The circumstances that changed were the tenancy going into my name, which was about 6 months ago. We were told at the time that they had an in-house benefits worker who would take care of all of that. Apparently not!
So a new claim has been started, and I have informed the housing association about it, so now we wait. All the while, if the claim is unsuccessful, my debt to them rises. Yay!

That was all closely followed by taking some rubbish outside to discover the garden wall had been knocked down by Savoy Patient Transport picking a neighbour up for hospital. So another call to the housing association to report a repair, which will be done by next week. Pah. Hopefully they will do repairs to the rest of the wall at the same time.

So on to today. Not a bad day really. Slept pretty well, woke with a bit of a headache but nothing serious. Got some fluids in me and that was soon gone. The carer.... Well she was late today, calling (at 8.30) to ask if she could come at 9 today. Well no, not really, seeing as we have to leave for the hospital at 9.15. So that visit was cancelled. Mum was able to get herself ready for the day, so not so bad.

She is still not eating or drinking much at the moment. We are seeing the hospice nurse on Thursday so I will mention it then, and she also has a home visit from them early next week too. Really just need someone to drum into her the importance of fluids. She is not in a terrible state right now, but a lot weaker than recent weeks, so keeping an eye on things. The cough and gunk on her chest is not really helping.

As for me, diet still rock solid. Another week of supplies ordered and I'm ready to go sub 220 at some point this week. Looking forwards to my celebration kebab lol.

Right, I'm all written out, so back to waiting in this waiting room for mum to be called.
Have a good day.
Regards
Michael

Sent using BlackBerry®

Bah, that scuppered my plan slightly. I thought I had some old foodpacks let, but turns out all I have is Veggie Soup, which is ok, but I can only really stomach one a day lol.
So eBay is my friend, and I have ordered a weeks worth of foodpacks, and can only hope they arrive soon, so I can get in the flow of things. In the meantime I need a new blender too, my old one is destroyed now. (cant use VLCD foodpacks without a blender!)

So its a Slim Fast bar for breakfast, followed by whatever I can pick up in Sainsburys on the way to work for lunch and dinner.

On the plus side, the dogs have had a nice walk this morning, and the weather was rather nice too.

In other news.......
Following mums decision on Saturday to stop taking her medication, guess what. Yup thats right, she is feeling ill again now.
Insistant that she is NOT going back to the doctors to discuss alternative medication (I beg to differ), I get the feeling there is a well thought out plan in amongst this.

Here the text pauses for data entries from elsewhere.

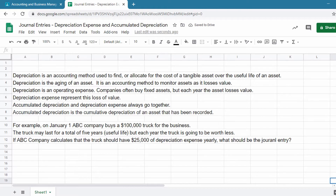Accumulated depreciation and depreciation expense always go together. Accumulated depreciation is the cumulative depreciation of an asset. The depreciation expense account is debited while the accumulated depreciation account is credited. Accumulated depreciation is also called a contra asset account, meaning it offsets or cancels out the value of the asset being depreciated.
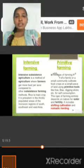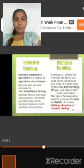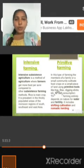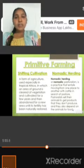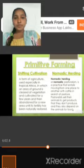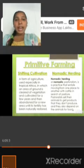Primitive farming is a type of farming where members of families grow food crops on small pieces of land using primitive tools like digging sticks. Under primitive farming, shifting cultivation and nomadic herding are included.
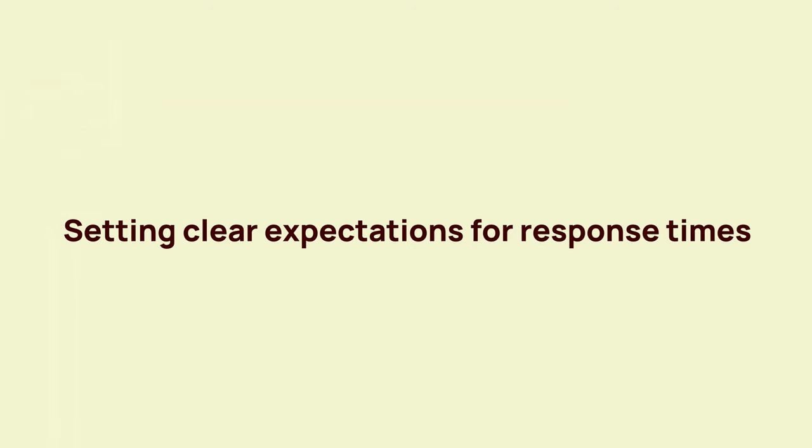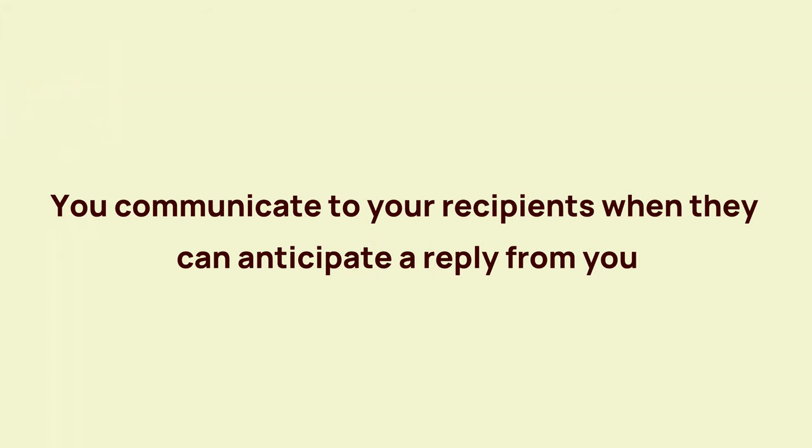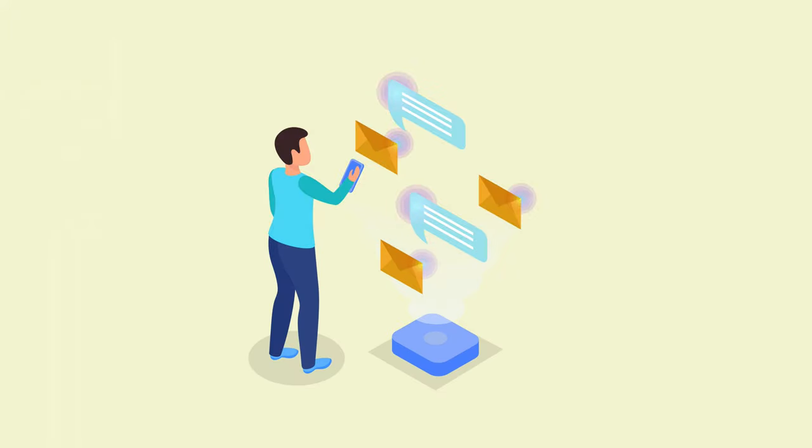Setting clear expectations for response times is essential in managing email communication effectively. By clearly stating your expected response time in your email signature, you communicate to your recipients when they can anticipate a reply from you, thereby managing their expectations and reducing unnecessary follow-up emails.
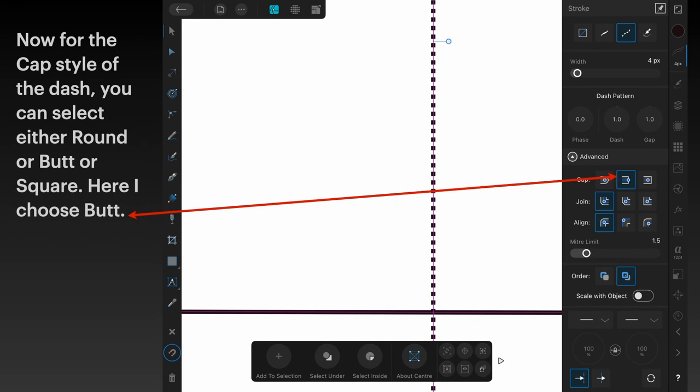Now for the cap style of the dash, you can select either round or butt or square, and here I selected the butt end. That's the cap of the line - it's the end of the line - so they're little squares all the way down there.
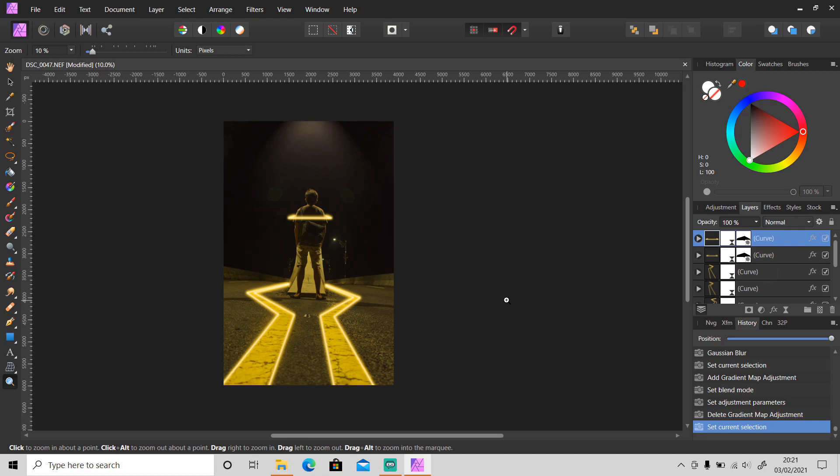Okay, so this is the final result as you can see. It's easy to create the glowing effect.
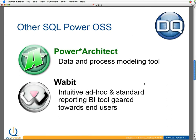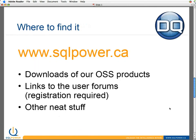Power Architect works with pretty much every database that's out there. It's a neat little tool — if you are doing data modeling, please do download it. If you're wondering where you find our products, I encourage you to go to sqlpower.ca. You can link through to downloads of all of our open source products, and get support and interact with other users on the user forums.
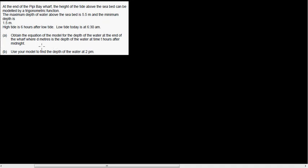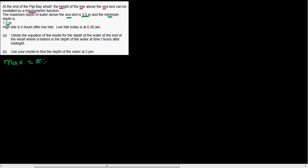At the end of P-P Wolf, the height of tide above the seabed can be modeled by a trig function. The maximum depth of water above the seabed is 5.5 meters and the minimum is 1.5 meters. So the maximum height is 5.5 meters and the minimum height is 1.5 meters, and this is a trig function so you can write it as a sine or cosine graph.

One minute she will be gasping, saying how bad her breathing is, the next she is gassing on the phone to her sister with no problems. Which kind of indicates she is laying it on a little thick at times. Her conversations with the doctor on the phone are the same, to the receptionist she can talk normally, as soon as the doc is on the line is wheeze and gasp time.

Anyway, the plan I speak of..... She has an Oncology appointment on Thursday, and I get the feeling her health will fail just enough for her to say she cant make the appointment. Which of course is rubbish as I will carry here there if I have to. But I get the impression she is gonna try it. Why? Simple, she will be seeing the doctor who she saw originally who made the cancer diagnosis, and who she now intensly dislikes.

Whatever the case, she WILL be making her Oncology appointment on Thursday, and she WILL be going back to see the GP regarding alternative meds for her breathing etc. Watch this space.